Siberia occidentale, Regione geografica in Russia.
La Siberia Occidentale si estende dagli Urali fino al fiume Enisej, formando una vasta pianura coperta di paludi, foreste di taiga e valli fluviali che sembrano non finire mai. Il terreno rimane per lo più pianeggiante, con orizzonti ampi e una rete di fiumi lenti che attraversano zone umide e praterie.
Le forze cosacche avanzarono nella regione alla fine del XVI secolo, sconfiggendo i governanti tatari locali e aprendo il territorio all'insediamento russo. La scoperta di petrolio e gas nel XX secolo cambiò completamente la regione, portando città industriali e lavoratori in una terra che era rimasta per lo più vuota.

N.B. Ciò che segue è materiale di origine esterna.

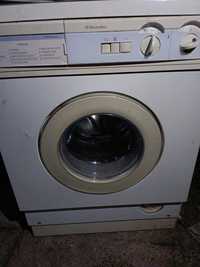 Makina lavar roupa
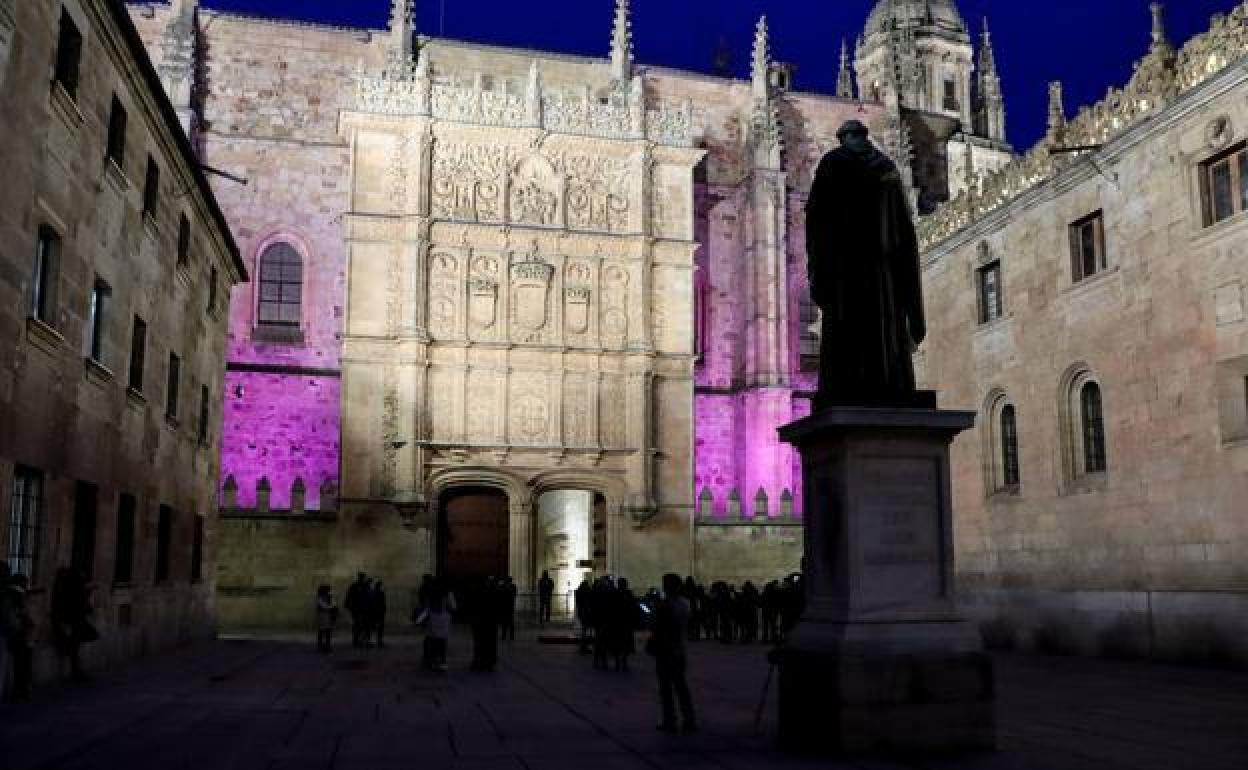 Fachada de la Universidad de Salamanca iluminada de morado por el 8-M.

La distribuzione della popolazione nella Siberia occidentale mostra centri urbani concentrati come Novosibirsk tra zone rurali dove le comunità indigene mantengono le loro tradizioni.
Le distanze sono enormi, e viaggiare tra le città può richiedere molte ore in treno o auto lungo strade lunghe e dritte. L'abbigliamento caldo è essenziale in inverno, mentre i mesi estivi portano zanzare e condizioni umide nelle zone paludose.
La regione contiene alcuni dei giacimenti di petrolio e gas più grandi al mondo, nascosti sotto le ampie pianure. Gli oleodotti attraversano il territorio, collegando siti di trivellazione remoti con città e porti lontani.